The esthetics and erotics of shudō thus focused on an appreciation of the youth's visible differences from the adult male. It is partly for this reason that the modern notion of “homosexuality” (in Japanese, dōseiai; cf. Ch: tongxinglian, Kor: tongsŏngae, Viet: đồng tính luyến ái), which emphasizes the sameness of biologically determined gender between sexual subject and sexual object, is ill-suited to describe shudō sensibilities, which presumed that a man and a youth were two distinct varieties of human being. Although the subject and object of shudō may both have belonged to the category of male in terms of genitalia, their differing roles in the erotic relationship hinged on an age asymmetry that was definitively established through hairstyle and clothing.Footnote 8
The very term “way of youths” registers the fact that both gender and age played a crucial structuring role in shudō.Footnote 9 However, rather than seeing here an exceptional conjuncture of two discrete principles of social organization—age and gender—it may be more fruitful to consider these two dimensions of difference as being far more interlocked in cultural (and not simply sexual) practice than most people usually realize. Western discourses on gender accord considerable prominence to binaries such as man/woman or male/female, and therefore we tend to think of them as dichotomous. Yet even in the English vernacular, as in many of its European counterparts, we are accustomed to dividing the social world into “men, women, and children,” a taxonomy that integrates considerations of age no less organically than those of gender. Likewise, popular texts and images of the Tokugawa period imagined the sexual economy of the “floating world” as composed of three rather than two distinct types of human agent: “men, women, and youths” (nyo-jaku-dan), to use one author's formula.Footnote 10
Gayle Rubin's notion of the “sex/gender system” provides relevant food for thought here. In a classic essay, Rubin (Reference Rubin and Reiter1975) differentiated between sex as a physiological description and gender as a social construction, an analytical distinction that remains useful today. Rubin, an anthropologist, located the crucible of gender formation in the kinship system, the perpetuation of which over time has, at least until quite recently, depended on the exogamous exchange of reproductively capable bodies. As a feminist thinker, Rubin parsed social reproduction primarily in terms of male and female roles, yet it is not only gender that defines people's mode of incorporation into the reproductive economy. Age hierarchies, too, conventionally range people according to their (potential) roles in social reproduction, so that the distinction between child and adult holds at its core no less sexual a meaning than the male/female axis with which it interacts to produce such age/gender statuses as girl, boy, woman, and man—or, in the case of Tokugawa Japan, the post-child, pre-adult category of youth (wakashu). Not only a sex/gender system but also an age/gender system occupies a central place in societal and cultural organization. To retool one of Rubin's definitions, an age/gender system is a “set of arrangements by which the biological raw material of human aging is shaped by human, social intervention.”Footnote 11
Returning specifically to the age/gender system as it has evolved in Japan, what bears stressing for the sake of understanding nineteenth-century developments is the material plasticity of “youth” status. As we have seen, membership in the category was socially grounded in two distinctive aspects of physical appearance, namely, hairstyle and clothing. Significantly, both these attributes were greatly susceptible to human intervention. By comparison, youngness in modern Western societies, seen as based on time and physiology, is a quality over which people have little control. According to our modern understanding, maturation into adulthood, too, depends on chronological and biological factors, the latter often being culturally represented, in the case of the male body, by the appearance of hair on the face, a symbolic trope we have inherited from the Greeks.Footnote 12 In Tokugawa Japan, it was not the appearance of new hair on the head, but rather the removal of existing follicles—namely the shaving of the nakazori patch, followed by the shearing of the forelocks—that made a difference. The first of these acts of hair subtraction marked the entry of the male body into the realm of sexual objectification, while the second signaled its departure.

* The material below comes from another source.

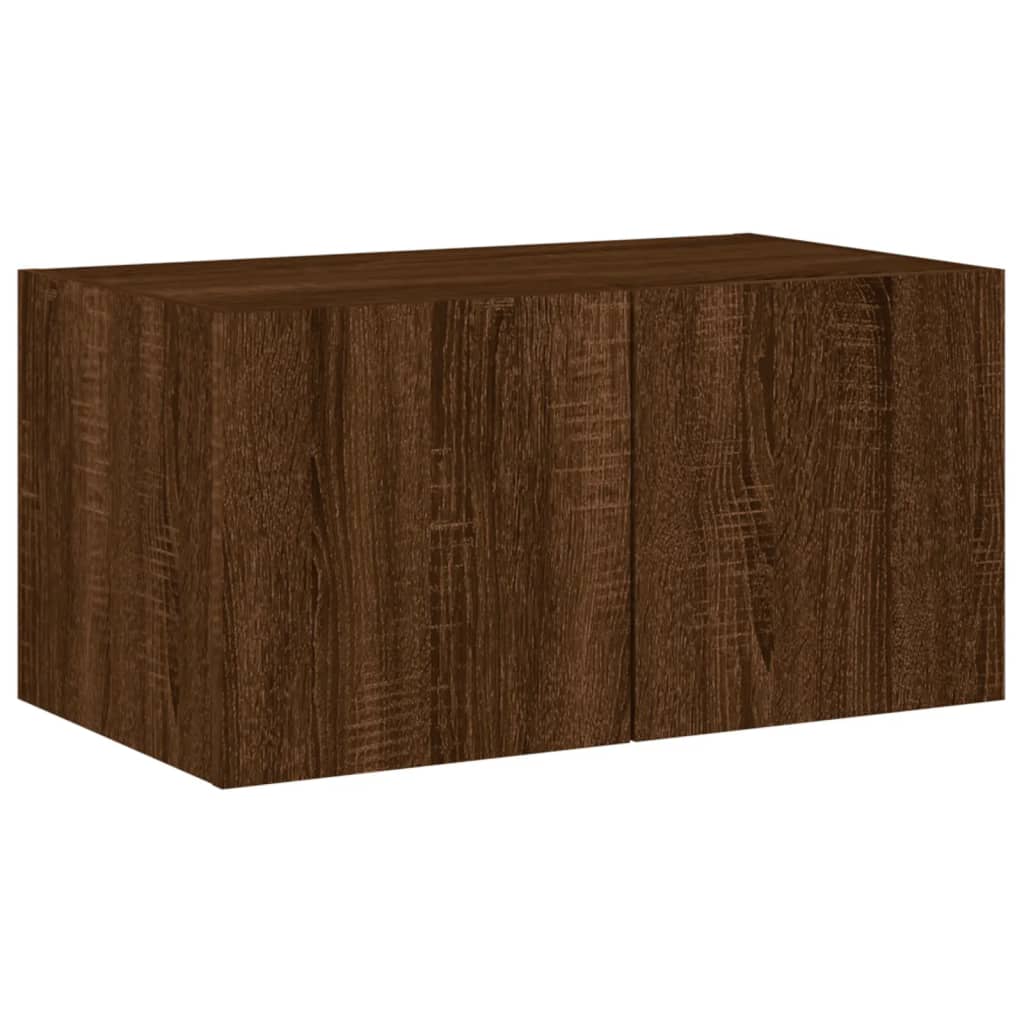TV-Wandschrank mit LED-Leuchten Braun Eichen-Optik 60x35x31 cm - Pazzar.ch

The plasticity of the category of wakashu, in turn, allowed various individuals and social constituencies to manipulate the visual and material traces of membership in it so as to include or exclude certain male bodies from the realm of eligibility or desirability as shudō objects. The fact that removing hair is physically easier than growing it, of course, facilitated the process. Tokugawa lawmakers, for example, when faced with unruliness among kabuki fans in the mid-seventeenth century, chose to target the visual dynamics of desire by decreeing that the wakashu actors over whom patrons were swooning could henceforth tread the stage only if they shaved off their forelocks, thus presumably dousing audience passions.Footnote 13 Conversely, pleasure-industry entrepreneurs had an economic interest in maximally prolonging the erotic appeal of young male workers by having them sport the wakashu clothing and hairstyle long after most of their chronological-age cohort (to put the matter in modern terms) had abandoned them.Footnote 14 And among ordinary households, parents might seek to protect a particularly attractive son from potentially bothersome sexual entanglements by carrying out genbuku on the early side.Footnote 15
The Tokugawa-period association of male erotic objecthood with specific sartorial and tonsorial markers, and the susceptibility of those same cultural forms to modification through human agency, would have significant consequences for the viability of shudō practices and desires in the changing visual and material environment of the late nineteenth century.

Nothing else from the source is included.